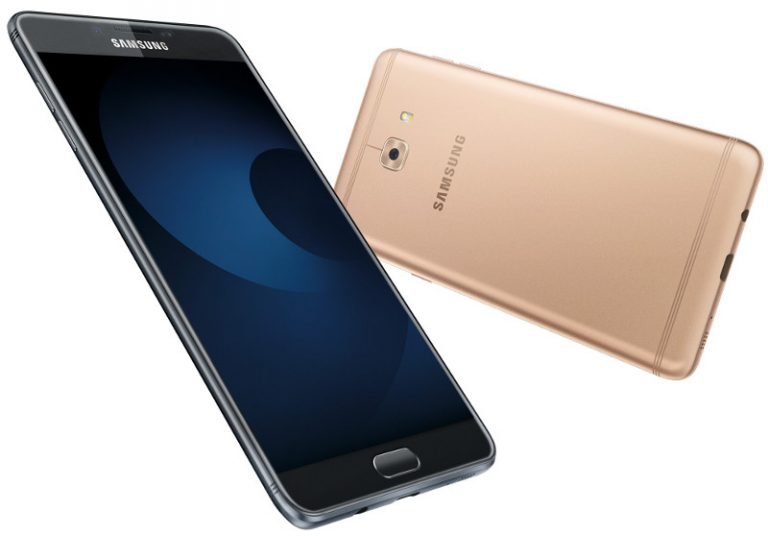 Samsung-Galaxy-C9-Pro
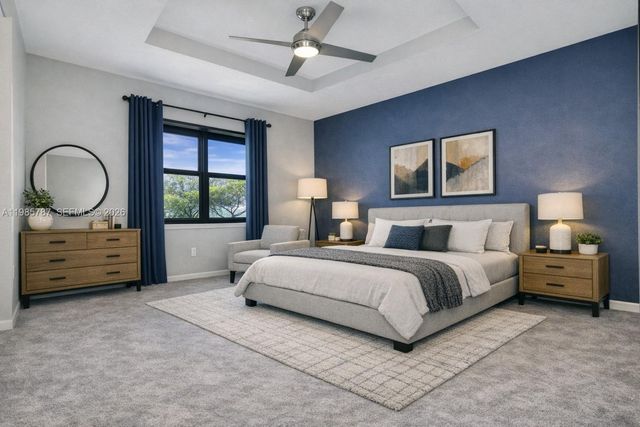 760 NE 193rd Ter, Miami, FL 33179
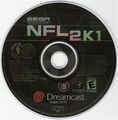 NFL2K1 DC US Disc.jpg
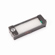 Litepanels LP50 On Camera Mini Flood Lig...: Picture 3 thumbnail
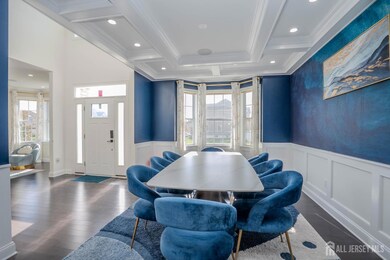 2 Hitching Post Place, Monroe Township, NJ 08831 - photo 7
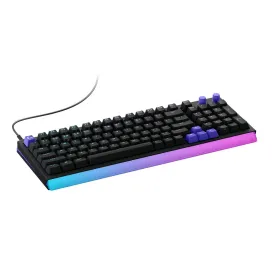 logitech-teclado-gamer-920-013980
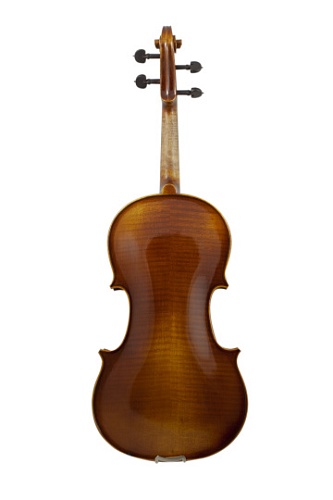 Prima 480 406 Комплект: альт, смычок, кейс, канифоль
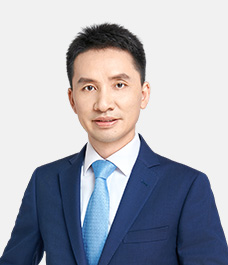 &#20048;&#21160;&#23448;&#26041;&#32593;&#39029;&#29256;&#45;&#20048;&#21160;&#40;&#20013;&#22269;&#41;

+ + + + +

> _Exercise prompt_:
Write out the records word for word. Pictures stay out.

> _Output of the task_:
 Samsung-Galaxy-C9-Pro
 760 NE 193rd Ter, Miami, FL 33179
 NFL2K1 DC US Disc.jpg
 Litepanels LP50 On Camera Mini Flood Lig...: Picture 3 thumbnail
 2 Hitching Post Place, Monroe Township, NJ 08831 - photo 7
 logitech-teclado-gamer-920-013980
 Prima 480 406 Комплект: альт, смычок, кейс, канифоль
 &#20048;&#21160;&#23448;&#26041;&#32593;&#39029;&#29256;&#45;&#20048;&#21160;&#40;&#20013;&#22269;&#41;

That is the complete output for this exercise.